* _RECORDS FOR THIS TASK_

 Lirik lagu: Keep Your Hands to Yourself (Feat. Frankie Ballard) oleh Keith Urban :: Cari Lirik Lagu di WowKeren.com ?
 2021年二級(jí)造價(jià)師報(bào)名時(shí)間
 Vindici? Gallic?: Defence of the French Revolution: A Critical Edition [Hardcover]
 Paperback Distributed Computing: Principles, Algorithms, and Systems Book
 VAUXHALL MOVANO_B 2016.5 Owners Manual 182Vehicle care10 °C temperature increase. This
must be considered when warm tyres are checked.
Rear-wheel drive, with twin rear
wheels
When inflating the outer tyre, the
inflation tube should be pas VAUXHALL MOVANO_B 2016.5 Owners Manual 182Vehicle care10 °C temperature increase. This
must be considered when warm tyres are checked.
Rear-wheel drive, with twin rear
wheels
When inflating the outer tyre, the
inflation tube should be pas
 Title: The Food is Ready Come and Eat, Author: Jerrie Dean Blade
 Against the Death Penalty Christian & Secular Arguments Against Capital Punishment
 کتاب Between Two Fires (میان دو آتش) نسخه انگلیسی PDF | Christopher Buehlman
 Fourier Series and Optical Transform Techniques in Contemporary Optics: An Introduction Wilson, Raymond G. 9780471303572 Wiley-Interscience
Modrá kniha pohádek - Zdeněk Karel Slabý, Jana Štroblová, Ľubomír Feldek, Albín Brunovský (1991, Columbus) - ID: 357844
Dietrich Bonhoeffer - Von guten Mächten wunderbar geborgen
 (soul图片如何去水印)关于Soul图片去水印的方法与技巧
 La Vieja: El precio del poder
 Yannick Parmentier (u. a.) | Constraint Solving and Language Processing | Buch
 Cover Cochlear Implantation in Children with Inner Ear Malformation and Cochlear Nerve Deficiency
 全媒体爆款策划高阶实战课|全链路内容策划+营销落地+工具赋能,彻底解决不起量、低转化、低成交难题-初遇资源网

* _WORK ITEM_
Scan the material for lines with the word "Owners", and copy each line you find.

* _SOLUTION FOR THIS PROBLEM_
 VAUXHALL MOVANO_B 2016.5 Owners Manual 182Vehicle care10 °C temperature increase. This
inflation tube should be pas VAUXHALL MOVANO_B 2016.5 Owners Manual 182Vehicle care10 °C temperature increase. This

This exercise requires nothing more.